Our job in this election is to ensure that every South African is armed with the full facts of the comparative delivery records before they make their X on their ballot paper on 18 May. By that time, every person exercising their right to vote will know that the only party that actually delivers the better life for all, step by step, is the DA.  Good governance makes a huge difference to the lives of citizens.

The ANC's approach is altogether different. The ANC knows it will lose on a straight comparison of government performance. It knows that most voters, even if they voted ANC the last time, realise that the ANC has failed them.

This is why the ANC is trying to make the election about something else. Instead of making local service delivery the issue, the ANC is making race the issue. Because race is all the ANC has left.

We saw it in Midvaal this week, where the local ANC accused the DA-run municipality of prioritising some race groups over others.

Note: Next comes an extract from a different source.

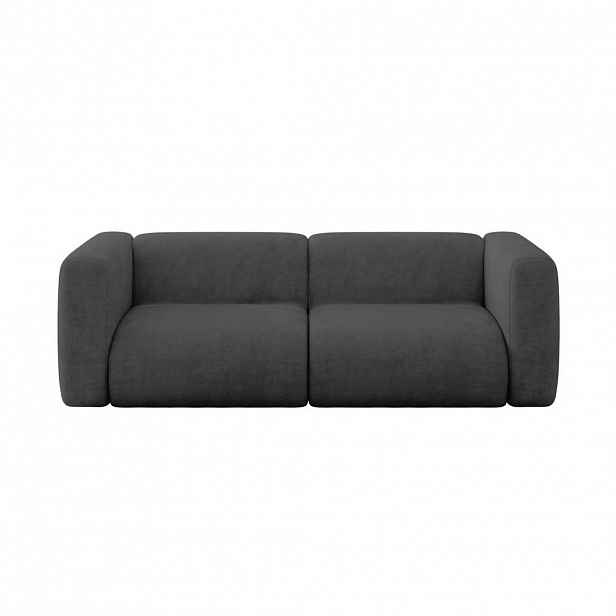 ALTDECOR MODULÁRNÍ pohovka MIRA-S1, 2místná, 228 × 89 × 70 cm, tmavě šedá, velur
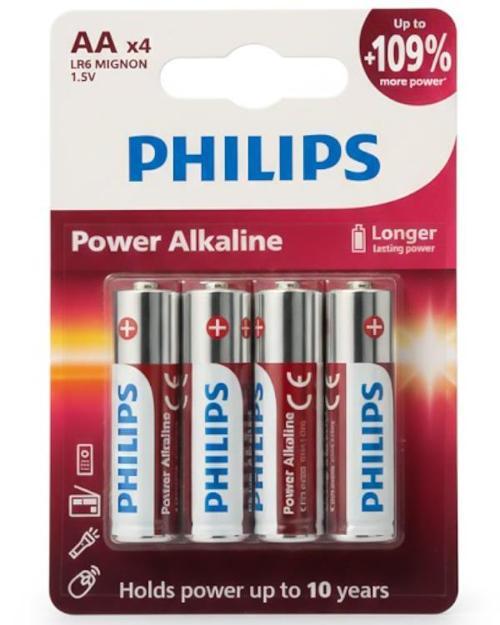 Power Alkalin AA Kalem Pil 1.5V 4lü Blister Paket LR6P4B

Ironically, it was in the same week that the Midvaal Municipality launched its Midvaal Youth Leadership Programme which teaches unemployed young people life skills, how to start a business, computer skills, HIV/Aids awareness and treatment, as well as leadership. Innovative programmes like this, coupled with the municipality's ability to attract billions of rands worth of job-creating foreign and local investment, is why Midvaal was last month rated first in the district for job creation at the annual Professional Management Review-Africa awards.

What the ANC cannot face up to is that the DA model of good governance and efficiency is bearing fruit for all the citizens of Midvaal. This stands in stark contrast to the surrounding municipalities. Few municipalities in South Africa, let alone in Gauteng, can match Midvaal's record of sound financial management. And no ANC municipality in Gauteng has a revenue collection rate of 100% like Midvaal has.

Its commitment to sound financial management and clean government means that the Midvaal municipality has the funds for projects that make a difference in the lives of the poor. One example is the new state-of-the-art libraries built last year in Daleside and Sicelo where residents have access to reading material and the internet free of charge.

It is also why the municipality is able to focus on the healthcare of its poorest citizens. The Midvaal Clinic, for example, serves 30 000 people with a turn-around time of two hours per patient (compared to the provincial average of three hours). People who live too far away from established clinics are served by the mobile clinic launched last year to reach vulnerable patients, most of whom live in informal settlements.

But, whatever the facts, the ANC will try hard from now until the next election to convince people that the DA delivers selectively. This is a familiar pattern in complex, plural societies such as ours - the ruling party's racial rhetoric escalates as its performance in government deteriorates.

Fortunately, more and more people are seeing the ANC's propaganda for what it is. They are beginning to resent being treated as voting fodder for the ANC. They are beginning to assert their independence and vote based on a comparative assessment of each party.

This is why the DA has won 8 by-elections in ANC strongholds since the 2009 election. It is why the DA is growing in all communities across South Africa. And it is why, if we work hard to get our message across, and if voters make the issues the issue, we can make historic gains on 18 May.